**REQUIREMENT:**
Exercise in exact copying: restate word for word only the lines below from the one containing "White Marble With Gold Kitchen Splashback" through the one containing "Joy To The World", omitting any pictures.

GIVEN DATA START

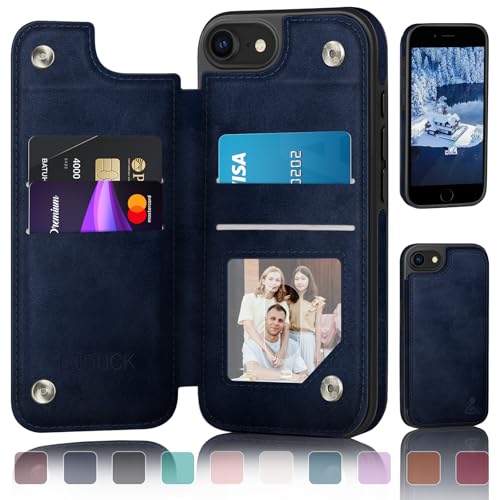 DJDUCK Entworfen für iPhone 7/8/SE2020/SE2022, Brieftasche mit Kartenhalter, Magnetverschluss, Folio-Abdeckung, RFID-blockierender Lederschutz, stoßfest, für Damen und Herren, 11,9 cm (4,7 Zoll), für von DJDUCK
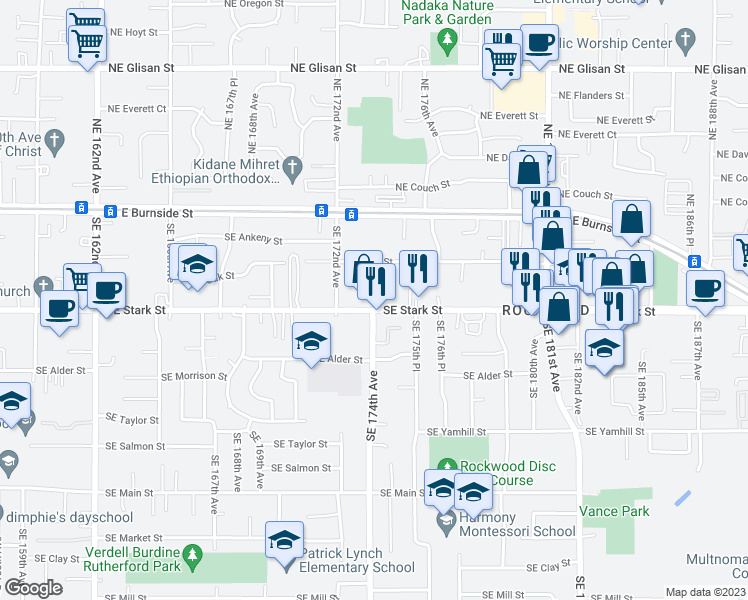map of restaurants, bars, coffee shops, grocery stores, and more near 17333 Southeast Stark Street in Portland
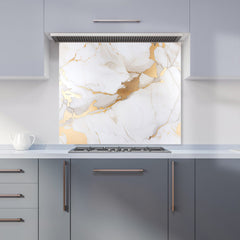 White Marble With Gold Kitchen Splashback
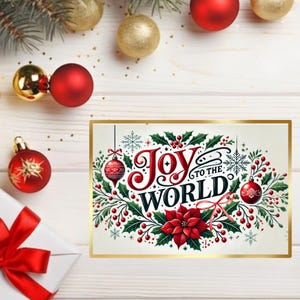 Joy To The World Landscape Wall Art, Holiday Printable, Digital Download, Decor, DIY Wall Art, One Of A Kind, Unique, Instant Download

GIVEN DATA END
GIVEN DATA START

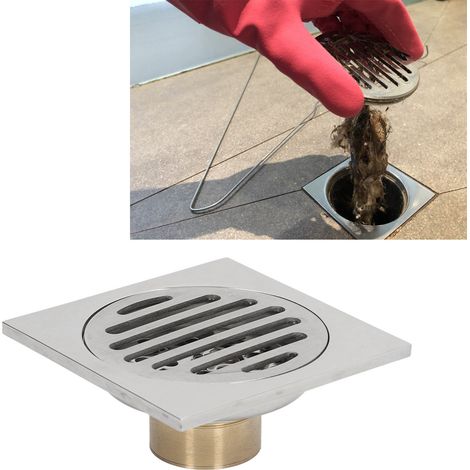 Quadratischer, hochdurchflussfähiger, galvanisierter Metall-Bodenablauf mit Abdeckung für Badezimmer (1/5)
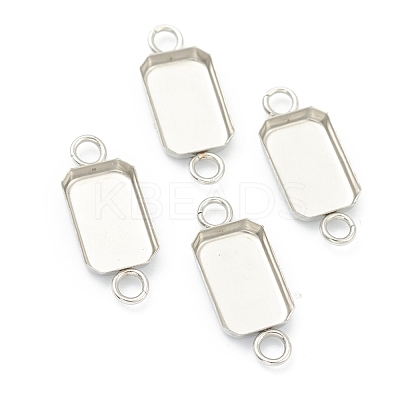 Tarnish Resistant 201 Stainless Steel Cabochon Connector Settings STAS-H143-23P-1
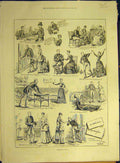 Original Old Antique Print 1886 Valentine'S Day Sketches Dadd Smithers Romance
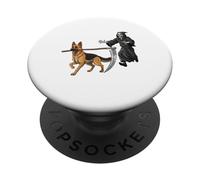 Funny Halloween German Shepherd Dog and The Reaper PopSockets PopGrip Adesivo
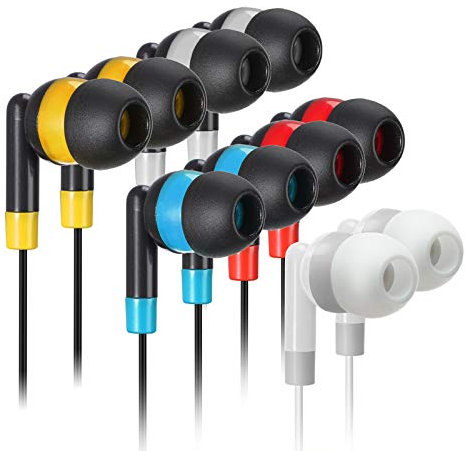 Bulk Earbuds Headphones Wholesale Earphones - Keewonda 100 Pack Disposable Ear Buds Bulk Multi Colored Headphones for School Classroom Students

GIVEN DATA END

**TASK RESULT:**
 White Marble With Gold Kitchen Splashback
 Joy To The World Landscape Wall Art, Holiday Printable, Digital Download, Decor, DIY Wall Art, One Of A Kind, Unique, Instant Download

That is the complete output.